Diksiyon eğitimi aldığım süreçte gece 1`e kadar odamda egzersiz yapardım, bir iki saat sesli kitap okurdum her gün. Mesela 1 saat kitap okuyordum, telefona kaydediyordum sonra bir saat de kendi kaydımı dinliyordum. Diksiyon hatası yaptıysam altını çiziyordum. Sabahları sanki kahvaltı haberleri sunar gibi gazeteleri okur, video kaydına alır ve kendime günlük program yapardım. Sonra tabii nasıl olmuş diye seyrederdim. Bu şekilde kendi kendine gayret ederek olabilen bir iş bu. Bir kursa gittiniz, hocadan eğitim aldınız bu bir yere kadar. Bundan ötesi kendiniz istemeli ve bireysel çalışmalısınız.
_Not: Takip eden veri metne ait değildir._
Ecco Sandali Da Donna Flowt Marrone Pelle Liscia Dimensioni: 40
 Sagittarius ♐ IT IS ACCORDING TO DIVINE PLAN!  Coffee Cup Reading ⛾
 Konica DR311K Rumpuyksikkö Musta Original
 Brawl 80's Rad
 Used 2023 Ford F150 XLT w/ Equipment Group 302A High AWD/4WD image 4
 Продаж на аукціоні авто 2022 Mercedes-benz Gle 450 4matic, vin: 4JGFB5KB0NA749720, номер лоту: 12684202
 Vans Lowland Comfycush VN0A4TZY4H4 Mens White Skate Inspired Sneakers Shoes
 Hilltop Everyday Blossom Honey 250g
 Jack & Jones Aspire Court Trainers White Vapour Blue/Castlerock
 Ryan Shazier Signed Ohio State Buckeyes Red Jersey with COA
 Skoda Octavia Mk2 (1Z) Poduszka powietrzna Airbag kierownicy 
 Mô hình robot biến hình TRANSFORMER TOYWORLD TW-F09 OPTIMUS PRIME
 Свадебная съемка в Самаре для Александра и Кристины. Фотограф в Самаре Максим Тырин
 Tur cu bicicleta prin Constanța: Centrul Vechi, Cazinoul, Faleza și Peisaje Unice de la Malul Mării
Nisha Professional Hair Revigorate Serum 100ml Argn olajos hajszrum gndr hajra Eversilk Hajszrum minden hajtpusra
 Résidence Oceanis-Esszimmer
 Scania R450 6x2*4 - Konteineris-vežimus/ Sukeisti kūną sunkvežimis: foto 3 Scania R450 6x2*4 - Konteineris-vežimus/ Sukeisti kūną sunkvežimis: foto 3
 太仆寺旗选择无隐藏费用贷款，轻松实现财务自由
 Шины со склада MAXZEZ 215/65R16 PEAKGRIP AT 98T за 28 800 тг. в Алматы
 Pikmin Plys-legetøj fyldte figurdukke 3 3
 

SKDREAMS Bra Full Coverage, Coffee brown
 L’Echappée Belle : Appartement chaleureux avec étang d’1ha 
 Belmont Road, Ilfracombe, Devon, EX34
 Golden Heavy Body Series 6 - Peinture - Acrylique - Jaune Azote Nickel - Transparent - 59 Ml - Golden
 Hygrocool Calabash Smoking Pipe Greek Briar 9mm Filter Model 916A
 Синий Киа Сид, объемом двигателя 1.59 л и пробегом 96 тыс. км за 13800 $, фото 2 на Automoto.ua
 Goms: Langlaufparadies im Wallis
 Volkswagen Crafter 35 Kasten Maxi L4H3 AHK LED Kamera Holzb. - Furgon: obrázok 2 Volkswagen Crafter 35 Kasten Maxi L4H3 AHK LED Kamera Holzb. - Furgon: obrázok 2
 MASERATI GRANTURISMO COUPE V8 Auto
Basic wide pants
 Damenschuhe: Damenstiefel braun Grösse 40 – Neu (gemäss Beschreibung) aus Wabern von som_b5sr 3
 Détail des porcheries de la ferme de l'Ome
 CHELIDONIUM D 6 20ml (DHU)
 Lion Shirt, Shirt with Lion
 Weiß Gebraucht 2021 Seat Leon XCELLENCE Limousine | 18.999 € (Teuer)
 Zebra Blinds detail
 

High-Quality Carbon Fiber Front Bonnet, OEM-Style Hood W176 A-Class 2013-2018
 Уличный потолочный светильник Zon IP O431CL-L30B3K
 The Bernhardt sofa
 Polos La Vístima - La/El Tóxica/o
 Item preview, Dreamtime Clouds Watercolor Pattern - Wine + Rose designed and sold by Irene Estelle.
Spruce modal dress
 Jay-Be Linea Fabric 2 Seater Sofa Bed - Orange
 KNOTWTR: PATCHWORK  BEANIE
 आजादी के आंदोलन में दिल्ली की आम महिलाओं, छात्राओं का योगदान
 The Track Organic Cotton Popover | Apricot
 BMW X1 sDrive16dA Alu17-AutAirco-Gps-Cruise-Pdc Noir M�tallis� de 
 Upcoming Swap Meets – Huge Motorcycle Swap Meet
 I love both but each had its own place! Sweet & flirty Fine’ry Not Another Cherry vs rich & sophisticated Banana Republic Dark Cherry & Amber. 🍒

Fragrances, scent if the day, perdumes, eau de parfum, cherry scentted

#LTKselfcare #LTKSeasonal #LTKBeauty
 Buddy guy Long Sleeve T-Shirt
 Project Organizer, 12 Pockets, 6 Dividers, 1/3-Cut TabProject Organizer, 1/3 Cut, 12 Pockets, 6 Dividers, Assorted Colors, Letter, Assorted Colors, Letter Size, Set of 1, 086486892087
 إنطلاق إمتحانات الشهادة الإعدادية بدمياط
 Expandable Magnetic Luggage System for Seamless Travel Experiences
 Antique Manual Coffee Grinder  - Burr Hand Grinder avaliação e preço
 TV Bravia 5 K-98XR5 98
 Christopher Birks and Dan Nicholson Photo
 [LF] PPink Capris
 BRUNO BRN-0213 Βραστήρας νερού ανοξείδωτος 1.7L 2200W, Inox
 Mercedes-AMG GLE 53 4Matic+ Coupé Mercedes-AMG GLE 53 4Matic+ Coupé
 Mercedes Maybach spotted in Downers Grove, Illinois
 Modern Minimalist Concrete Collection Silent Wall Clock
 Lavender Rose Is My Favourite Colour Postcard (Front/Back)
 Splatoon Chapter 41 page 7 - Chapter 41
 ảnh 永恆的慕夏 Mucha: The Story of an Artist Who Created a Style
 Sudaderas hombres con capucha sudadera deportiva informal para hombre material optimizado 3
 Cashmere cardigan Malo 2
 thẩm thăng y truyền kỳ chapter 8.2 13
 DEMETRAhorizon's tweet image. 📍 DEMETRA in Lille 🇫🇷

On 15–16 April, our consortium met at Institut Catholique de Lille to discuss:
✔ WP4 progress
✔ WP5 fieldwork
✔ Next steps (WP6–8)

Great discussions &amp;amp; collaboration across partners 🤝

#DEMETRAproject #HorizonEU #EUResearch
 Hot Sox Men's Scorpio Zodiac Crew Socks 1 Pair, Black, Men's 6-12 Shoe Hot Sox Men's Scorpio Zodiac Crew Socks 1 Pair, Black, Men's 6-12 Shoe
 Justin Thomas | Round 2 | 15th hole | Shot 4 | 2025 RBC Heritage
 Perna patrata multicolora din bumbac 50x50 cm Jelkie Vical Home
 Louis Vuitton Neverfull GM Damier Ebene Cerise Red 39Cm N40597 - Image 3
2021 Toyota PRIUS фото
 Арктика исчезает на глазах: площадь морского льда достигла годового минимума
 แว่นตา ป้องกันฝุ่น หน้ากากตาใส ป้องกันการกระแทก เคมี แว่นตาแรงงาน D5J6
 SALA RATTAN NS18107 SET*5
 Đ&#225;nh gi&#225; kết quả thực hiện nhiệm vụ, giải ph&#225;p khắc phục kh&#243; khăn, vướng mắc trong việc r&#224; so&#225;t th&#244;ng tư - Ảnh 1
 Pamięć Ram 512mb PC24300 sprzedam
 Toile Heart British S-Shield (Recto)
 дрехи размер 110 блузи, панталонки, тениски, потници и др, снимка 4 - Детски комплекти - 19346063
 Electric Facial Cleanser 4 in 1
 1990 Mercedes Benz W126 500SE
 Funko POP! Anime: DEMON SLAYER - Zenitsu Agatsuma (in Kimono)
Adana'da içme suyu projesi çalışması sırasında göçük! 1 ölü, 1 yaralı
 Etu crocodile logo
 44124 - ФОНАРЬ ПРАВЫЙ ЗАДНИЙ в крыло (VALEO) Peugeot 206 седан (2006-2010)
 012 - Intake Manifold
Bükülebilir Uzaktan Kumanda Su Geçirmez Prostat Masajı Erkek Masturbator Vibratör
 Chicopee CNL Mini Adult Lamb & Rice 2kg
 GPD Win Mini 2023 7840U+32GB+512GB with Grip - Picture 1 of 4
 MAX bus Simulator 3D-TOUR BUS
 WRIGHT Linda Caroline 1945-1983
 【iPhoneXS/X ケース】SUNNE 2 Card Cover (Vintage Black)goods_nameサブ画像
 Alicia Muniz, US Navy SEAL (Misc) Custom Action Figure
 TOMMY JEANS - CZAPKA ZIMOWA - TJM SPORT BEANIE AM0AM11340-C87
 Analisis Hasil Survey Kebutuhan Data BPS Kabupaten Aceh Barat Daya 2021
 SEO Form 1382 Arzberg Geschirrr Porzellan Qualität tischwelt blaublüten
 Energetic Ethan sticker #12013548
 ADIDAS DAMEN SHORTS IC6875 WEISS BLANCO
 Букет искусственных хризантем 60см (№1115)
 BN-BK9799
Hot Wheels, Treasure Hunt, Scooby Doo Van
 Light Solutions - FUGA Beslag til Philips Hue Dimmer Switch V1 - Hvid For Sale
Eski Yunan`da yaşayan Demostenes vardır. Demostenes kekeme bir insan. Konuşma konusunda sıkıntılar çekiyor. Ailesi ise dönemin en zenginlerinden bir aile. Demostenes yaşı ilerledikçe kendini hiç ifade edemez hale geliyor, annesi babası ölünce de çevresindeki insanlar servetini bölüşüyorlar, Demostenes’e hiçbir şey koklatmıyorlar. Demostenes bir süre büyüdükten sonra bu eksikliğin, kendini ifade edemeyişinin farkına varıyor. Kendini ifade etmeye karar veriyor ve ağzına çakıl taşları dolduruyor. Bu şekilde dilini terbiye etmeye başlıyor. Dil, diş ve dudak konuşmak için gereken en önemli organlarımızdır ve bunlar terbiye edildikten sonra konuşma güzelleşir. Eğer bu organlar sağlam değilse konuşma da kamil olmaz. Dolayısıyla Demostenes buradan işe başlıyor. Daha sonra ise deniz kenarına gidip saatlerce denizle konuşuyor. Sonrasında mağaralara gidiyor, kendi kendine konuşarak yankıları dinliyor. Bu şekilde kendini geliştirdikten sonra bulunduğu toplumda kralla yarış edebilecek mertebeye kadar yükseliyor.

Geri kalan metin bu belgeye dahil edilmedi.